2. Myrtles Plantation (St. Francisville)
One of the most famously haunted plantations in the country, The Myrtles Plantation is rumored to be haunted by several spirits. The most famous spirit is Chloe, a former slave at the plantation who had her ear cut off when she was caught eavesdropping. In retaliation, she baked a poisonous cake for her owners, primarily targeting the head of the household, Clark Woodruff. Her plan backfired and his wife and daughters ate the cake and died from the poison. Chloe was hanged by the other slaves in an effort to escape punishment by Clark. People say that Chloe still haunts the plantation today. Take a tour and see for yourself, the plantation is located at 7747 U.S. 61 in St. Francisville
3. Oak Alley Plantation
Built in 1837, this Greek Revival style plantation was built to be a sugar plantation. Staff have reported hearing footsteps, lights turning on in rooms with no one in them, and even seeing full-body apparitions. Located at 3645 Highway 18 in Vacherie.

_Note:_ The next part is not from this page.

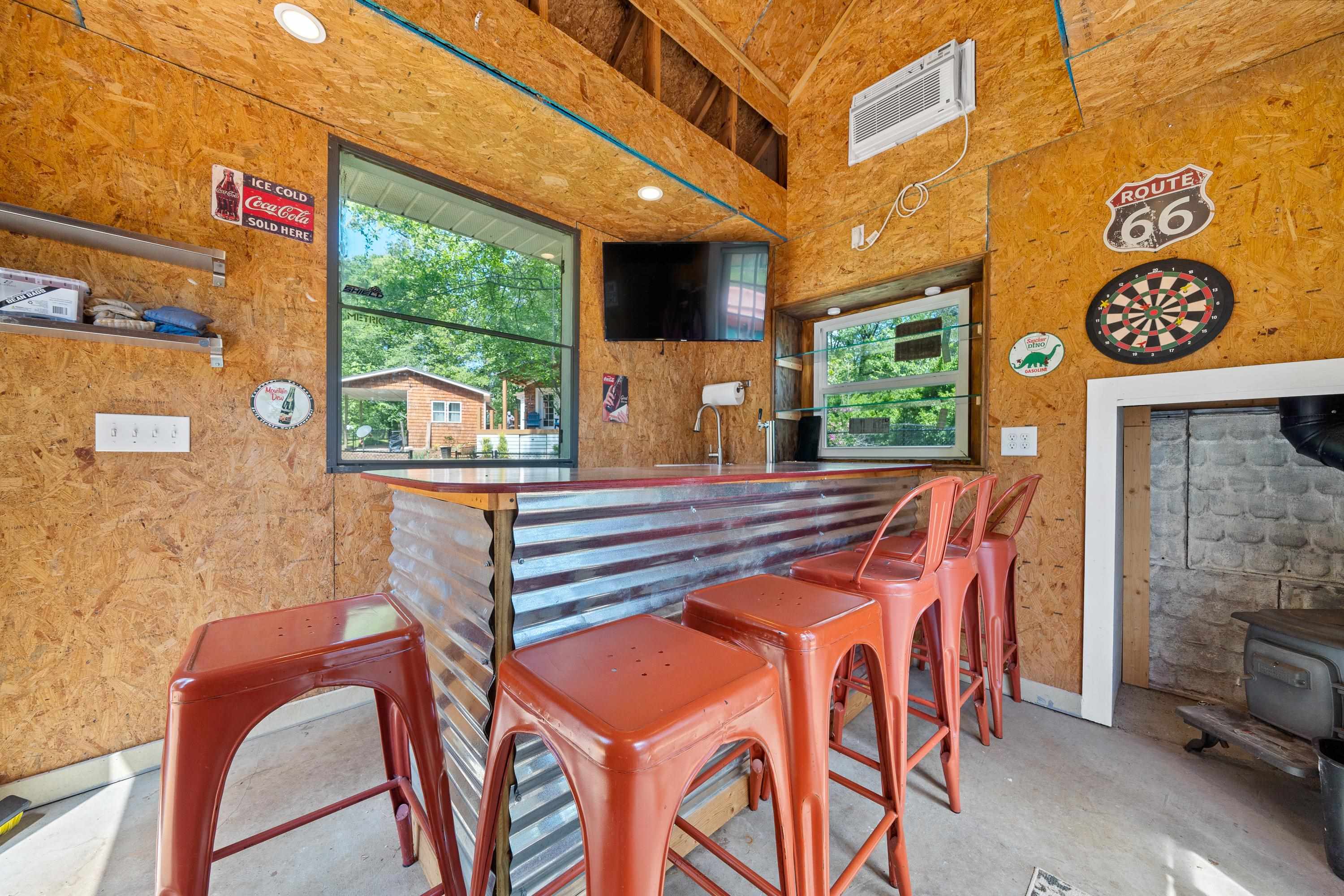 194 BENTLEY CIRCLE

4. St. Louis Cemetery No. 1 (New Orleans)
Opened in 1789, St. Louis Cemetery No. 1 is the oldest cemetery in New Orleans. This cemetery is the final resting place of thousands of people, but one in particular is said to still haunt the grounds - Voodoo priestess Marie Laveau. Visitors frequently leave offerings at her crypt hoping to have their wishes granted. Location: 425 Basin St. in New Orleans (Visitors must be accompanied by a tour guide to view the cemetery)
5. Manchac Swamp
Julie White (some say her name was Julie Brown) was a voodoo priestess who lived in the area. Julie wasn't the friendliest of people, and would often sit on her porch glaring at passersby, telling them, "One day I'm gonna die, and I'm gonna take all of you with me." One day, a hurricane threatened the area. Julie died before the storm hit, and she was buried on the day of the storm. The hurricane put the entire community underwater and killed hundreds of people. People say that today you can still hear Julie White singing her songs in the swamp.
6. Diamond Grill (Alexandria)
In 1931 the building was a local jewelry store, and today it's a fine dining restaurant. Staff have had unusual experiences here, and it's said that the ghost of a former employee from the 1960s remains in the building. Located at 924 3rd St, Alexandria
7. The Rougarou
The legend of the bayou rougarou is a story that's been passed down from generation to generation. This creature has a human body and the head of a wolf, and can lurk in fields, woods, bayous and swamps... Basically wherever it wants. There's a couple of different versions of the rougarou. One story tells the tale of the Rougarou that hunts down Catholics that have not followed Lent or other Catholic rules and feeds on their energy for 101 days. Another version says that the rougarou preys on bad little kids. Then there's another version that says that if you come face to face with a rougarou and you look it in the eyes, you become one.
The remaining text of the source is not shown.